ABS Plastic Properties — Mechanical, Thermal & Chemical
ABS plastic properties derive directly from its terpolymer structure: the acrylonitrile fraction delivers chemical resistance and heat stability, the butadiene rubber component provides impact toughness, and the styrene phase controls stiffness, surface quality, and processability. The result is a mid-range engineering thermoplastic with a tensile strength of 5,000 psi, Izod impact resistance of 6 ft-lb/in (notched), and a continuous-use temperature ceiling of 160°F. Understanding these values in context — against what ABS does and doesn't do well — is essential for correct material selection.
At a Glance
- Tensile strength: 5,000 psi — adequate for light-load structural panels and enclosures
- Flexural modulus: ~310,000 psi — stiffer than polyethylene, less stiff than polycarbonate
- Notched Izod impact: 6 ft-lb/in — roughly 10× the impact resistance of general-purpose acrylic
- Heat deflection temp (264 psi): 180–200°F — holds shape in warm environments, not high-heat
- Continuous service temp: 160°F (71°C) — upper bound for sustained loading
- Chemical resistance: Good vs. dilute acids, alkalis; attacked by ketones, esters, chlorinated solvents
- Paintability: Excellent — solvent and water-based coatings bond without adhesion promoter on scuffed surfaces
Mechanical Properties
Tensile and Flexural Behavior
ABS exhibits a clear yield point followed by plastic deformation — it does not shatter at or near its tensile limit. This ductile failure mode is one reason ABS is preferred over acrylic or general-purpose polystyrene for enclosures, housings, and assemblies that may be dropped or struck.

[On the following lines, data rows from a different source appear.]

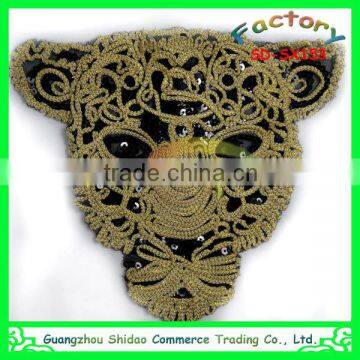 New style Panther head design sequin decoration embroidery patch for garment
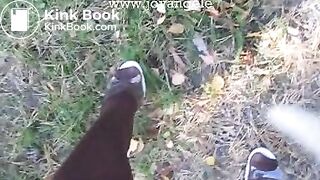 Caught by jogger when pooping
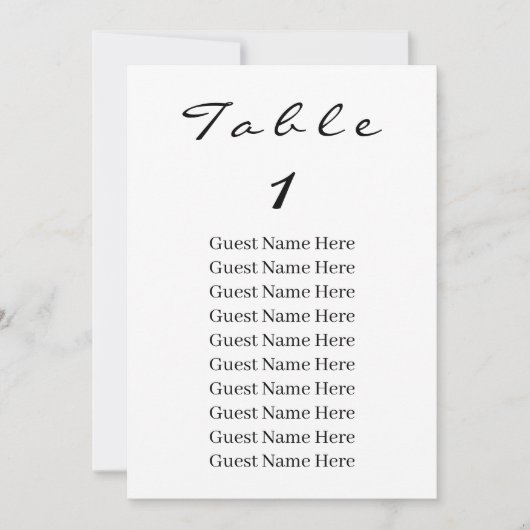 Elegant zwart-Script-tabel nummer 1-zitplaatskaart Kaart (Voorkant)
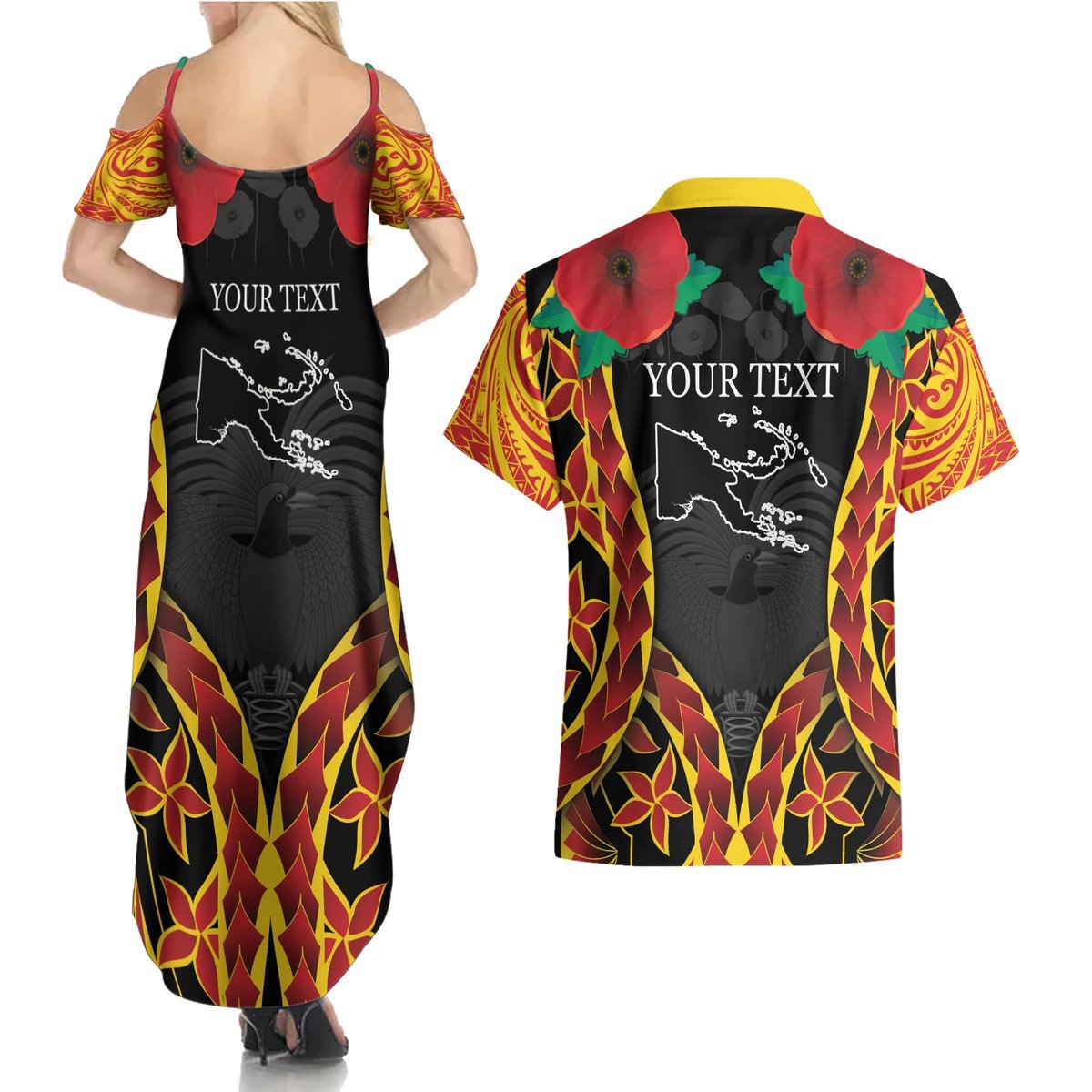 Personalised Papua New Guinea Remembrance Day Couples Matching Summer Maxi Dress and Hawaiian Shirt LT9 - Polynesian Pride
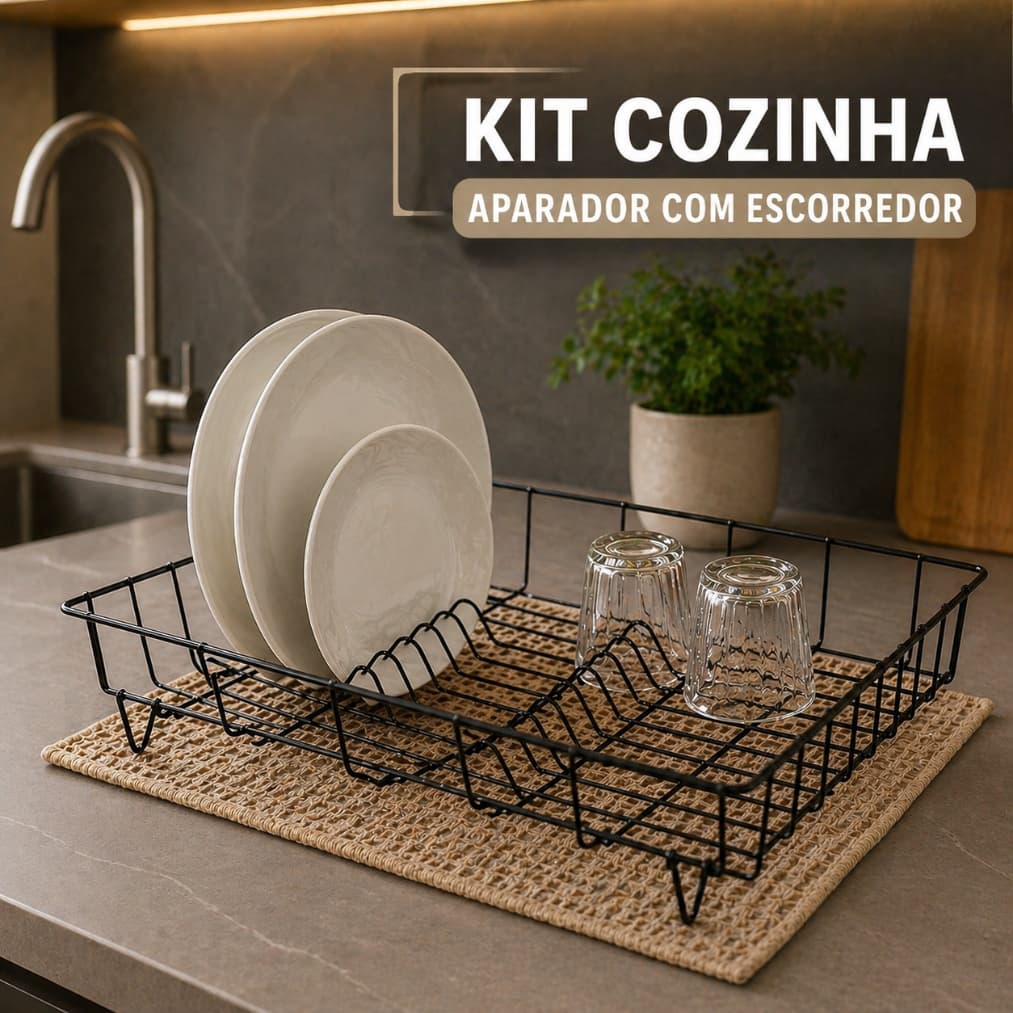 Kit Escorredor De Louça Com Aparador Tapete Secagem Cozinha Organizador Pratos Copos Antiderrapante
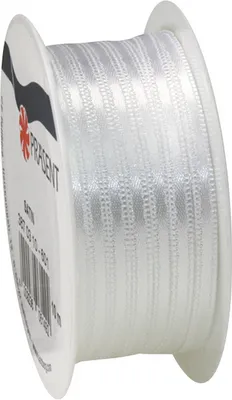 Obrázek produktu pro Saténová stuha, 3 mm, role po 10 m, bílá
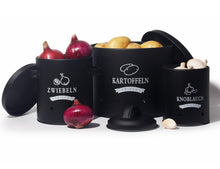 Lade das Bild in den Galerie-Viewer, Kartoffel Vorratsdosen Set, Kartoffeltopf im Retro Zwiebeltopf, Vorratsbehälter aus Metall,  Kann Kartoffeln für eine Lange Zeit lagern(Schwarz-Set)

The elongation at break range (5–25%) reflects the variability across ABS grades. High-rubber formulations (Royalite-type) can stretch significantly before fracture; general-purpose grades with lower butadiene content sit closer to the 5–10% end. This matters when designing parts with snap-fit features or living hinges, where ductility determines fatigue life.
Impact Resistance
The notched Izod value of 6 ft-lb/in (320 J/m) is the metric most specifiers rely on for ABS. To put it in context:
ABS impact resistance decreases at lower temperatures. The butadiene rubber phase has a glass transition around –60°F, but impact performance begins to fall noticeably below 14°F (–10°C) in most grades. For cold-temperature enclosure applications below freezing, specify a high-rubber ABS or evaluate polycarbonate.
Hardness and Abrasion
ABS Rockwell hardness runs R105–R110. Surface hardness is sufficient to resist light scratch and abrasion in typical handling environments but is not suitable for wear-surface applications where materials like acetal, nylon, or UHMW are required. Pencil hardness is approximately 2H–3H.
Thermal Properties
Service Temperature Limits
The distinction between HDT and continuous-use temperature is important. HDT values (180–200°F at 264 psi load) represent the temperature at which a standard test specimen deflects 0.010 in under fixed load — a short-term snapshot. Continuous-use temperature (160°F) is the practical limit for sustained loading over thousands of hours without dimensional creep or mechanical degradation. When designing for thermal environments, use the continuous-use figure for long-term applications and HDT as a short-excursion guide only.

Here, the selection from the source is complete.